Task goal.
Reproduce verbatim, line by line, everything from the line containing "x4 NVMe Micron" to the last line of the listing below; add nothing.
Available data section start
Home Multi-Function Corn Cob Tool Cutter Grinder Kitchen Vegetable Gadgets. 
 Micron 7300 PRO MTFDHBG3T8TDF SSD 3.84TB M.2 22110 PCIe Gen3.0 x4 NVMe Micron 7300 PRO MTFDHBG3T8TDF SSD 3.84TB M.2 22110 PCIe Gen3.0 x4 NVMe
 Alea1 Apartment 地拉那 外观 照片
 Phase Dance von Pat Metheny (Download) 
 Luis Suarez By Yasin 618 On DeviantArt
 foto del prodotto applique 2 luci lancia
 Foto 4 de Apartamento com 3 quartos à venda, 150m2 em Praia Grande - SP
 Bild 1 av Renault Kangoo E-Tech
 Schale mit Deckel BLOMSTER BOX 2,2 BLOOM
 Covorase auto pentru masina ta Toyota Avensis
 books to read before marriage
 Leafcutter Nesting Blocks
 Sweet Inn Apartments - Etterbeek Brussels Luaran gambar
Available data section end
Solution.
 Micron 7300 PRO MTFDHBG3T8TDF SSD 3.84TB M.2 22110 PCIe Gen3.0 x4 NVMe Micron 7300 PRO MTFDHBG3T8TDF SSD 3.84TB M.2 22110 PCIe Gen3.0 x4 NVMe
 Alea1 Apartment 地拉那 外观 照片
 Phase Dance von Pat Metheny (Download) 
 Luis Suarez By Yasin 618 On DeviantArt
 foto del prodotto applique 2 luci lancia
 Foto 4 de Apartamento com 3 quartos à venda, 150m2 em Praia Grande - SP
 Bild 1 av Renault Kangoo E-Tech
 Schale mit Deckel BLOMSTER BOX 2,2 BLOOM
 Covorase auto pentru masina ta Toyota Avensis
 books to read before marriage
 Leafcutter Nesting Blocks
 Sweet Inn Apartments - Etterbeek Brussels Luaran gambar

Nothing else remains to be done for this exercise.